* _EXERCISE INSTRUCTIONS_: Output the full listing below exactly; the images stay out.

* _COLLECTED MATERIAL_:
━━━━━━━━━━━━━━━━━━━━━━━━━━━━━━

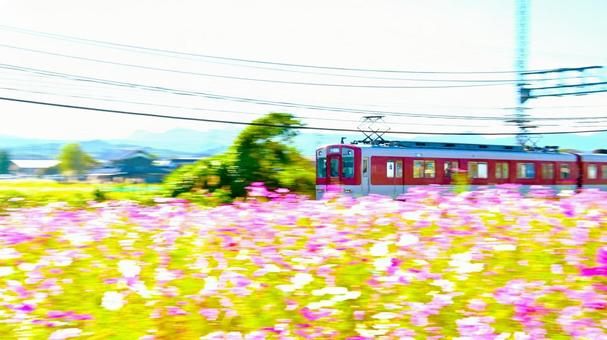 コスモス畑沿線を快走する近鉄列車 コスモス畑沿線を快走する近鉄列車 の写真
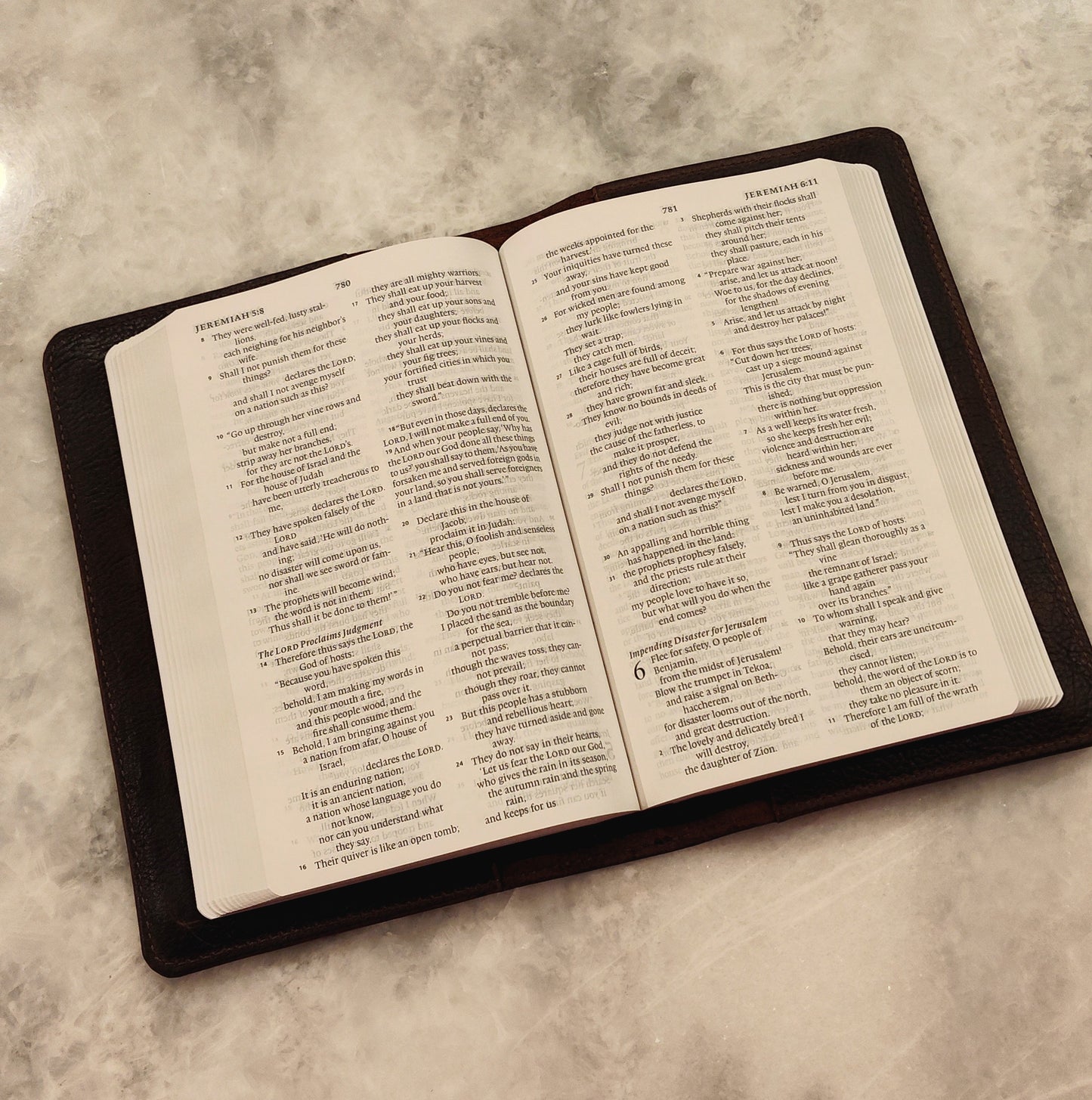 Bible with Dark Brown Cover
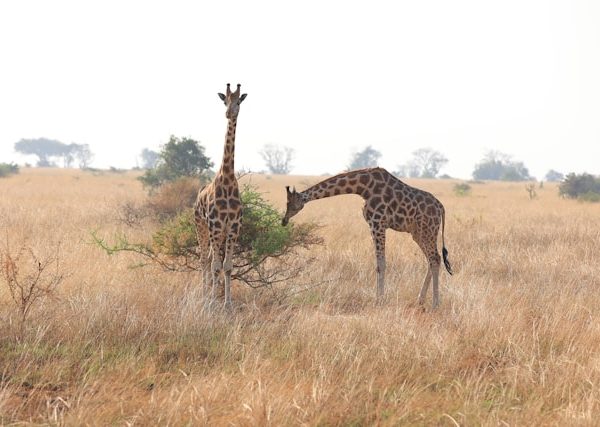 Amboseli National Park Safari Tours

━━━━━━━━━━━━━━━━━━━━━━━━━━━━━━

* _SOLUTION BELOW_:
 コスモス畑沿線を快走する近鉄列車 コスモス畑沿線を快走する近鉄列車 の写真
 Bible with Dark Brown Cover
 Amboseli National Park Safari Tours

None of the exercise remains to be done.